◆ Exercise brief ◆
Apart from the pictures, which must be omitted, restate the data exactly.

■ ■ ■ ■

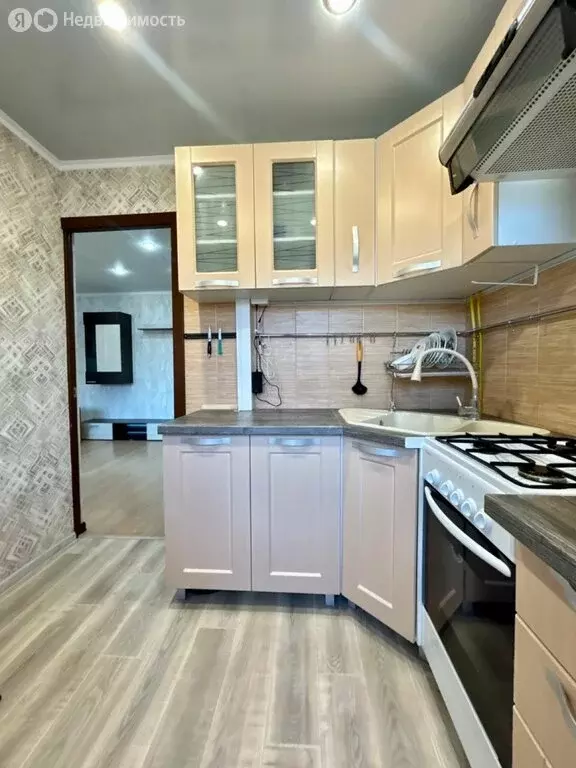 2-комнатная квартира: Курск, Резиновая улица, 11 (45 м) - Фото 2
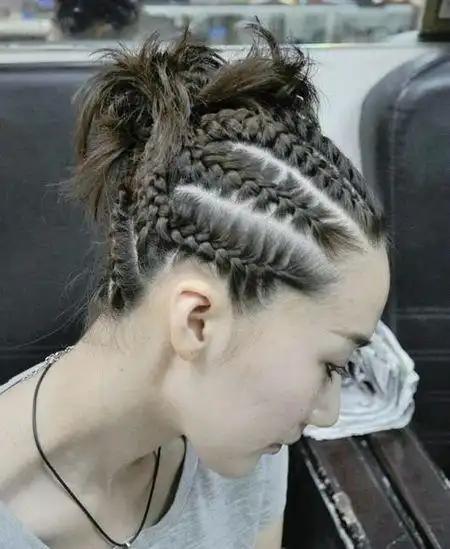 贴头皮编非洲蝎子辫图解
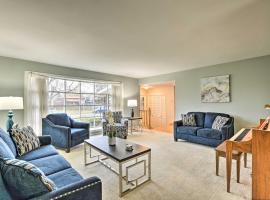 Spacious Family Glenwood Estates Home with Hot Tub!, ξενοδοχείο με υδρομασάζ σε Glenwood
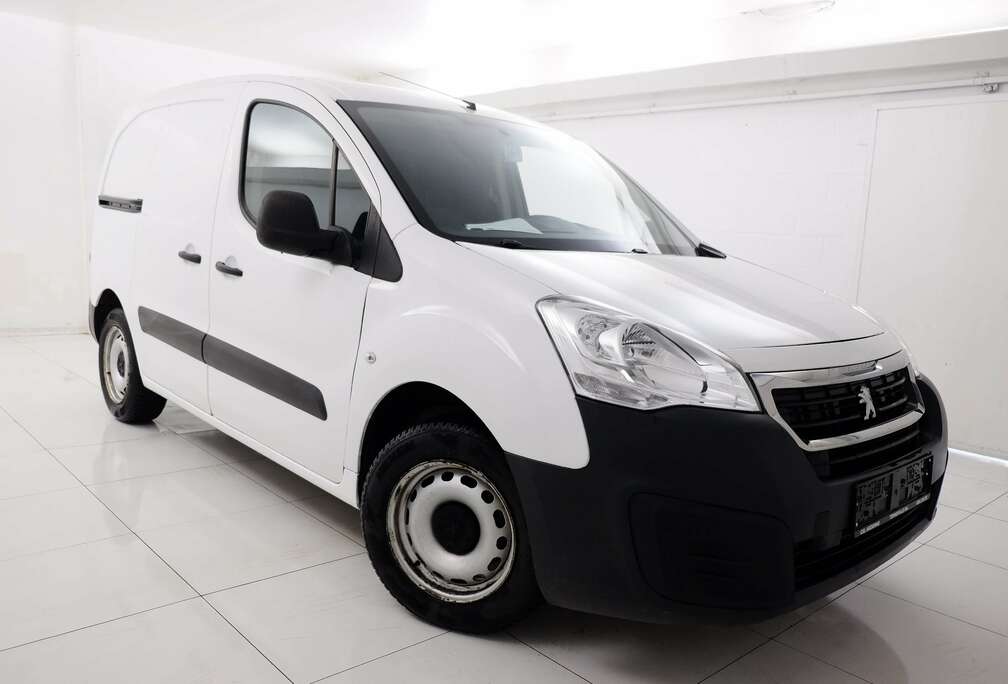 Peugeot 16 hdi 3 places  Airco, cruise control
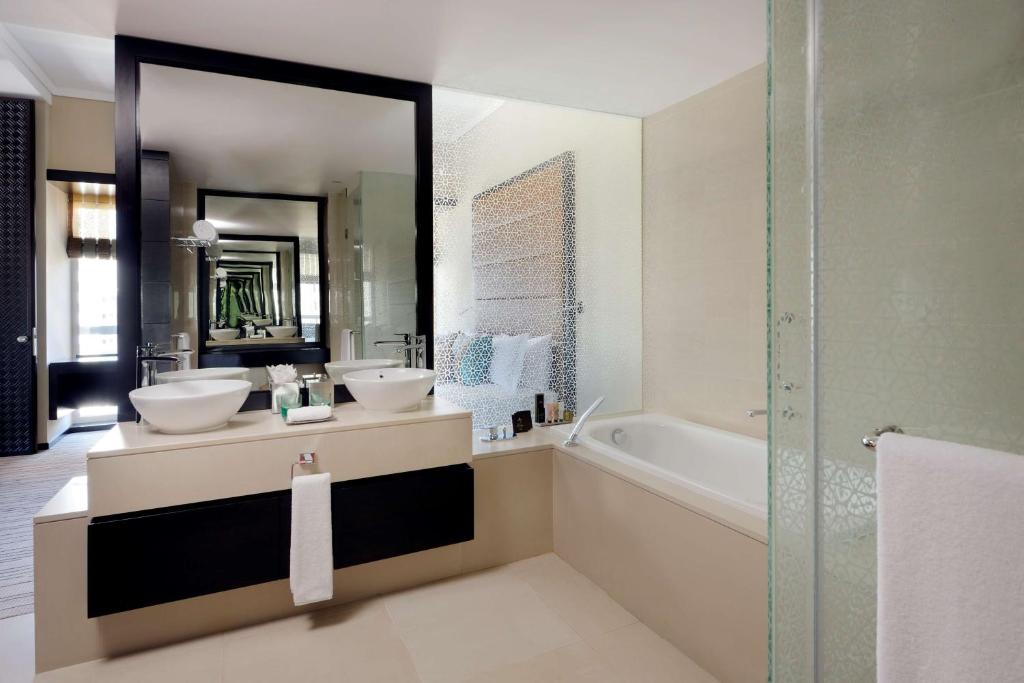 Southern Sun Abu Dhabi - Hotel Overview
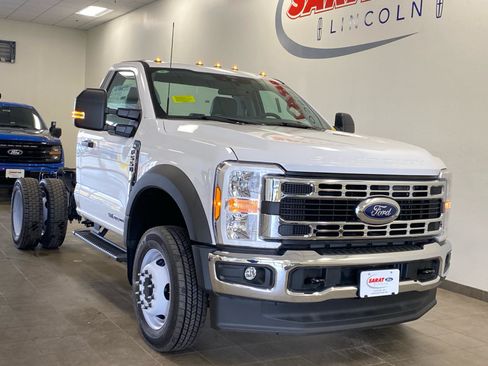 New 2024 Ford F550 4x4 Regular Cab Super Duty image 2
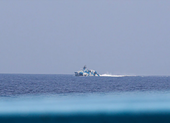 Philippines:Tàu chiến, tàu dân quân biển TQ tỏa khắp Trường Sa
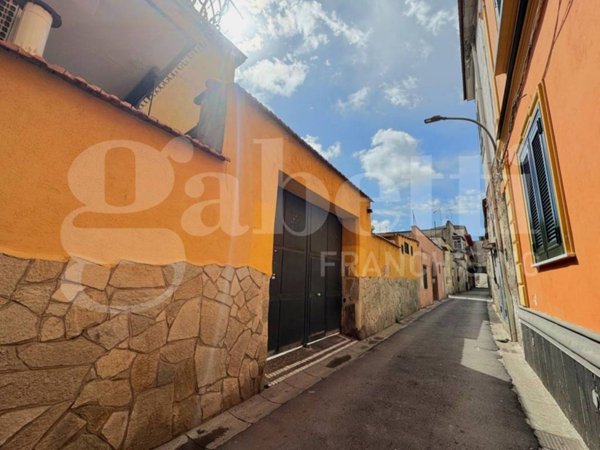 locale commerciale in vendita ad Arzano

■ ■ ■ ■

◆ Task response ◆
 2-комнатная квартира: Курск, Резиновая улица, 11 (45 м) - Фото 2
 贴头皮编非洲蝎子辫图解
 Spacious Family Glenwood Estates Home with Hot Tub!, ξενοδοχείο με υδρομασάζ σε Glenwood
 Peugeot 16 hdi 3 places  Airco, cruise control
 Southern Sun Abu Dhabi - Hotel Overview
 New 2024 Ford F550 4x4 Regular Cab Super Duty image 2
 Philippines:Tàu chiến, tàu dân quân biển TQ tỏa khắp Trường Sa
 locale commerciale in vendita ad Arzano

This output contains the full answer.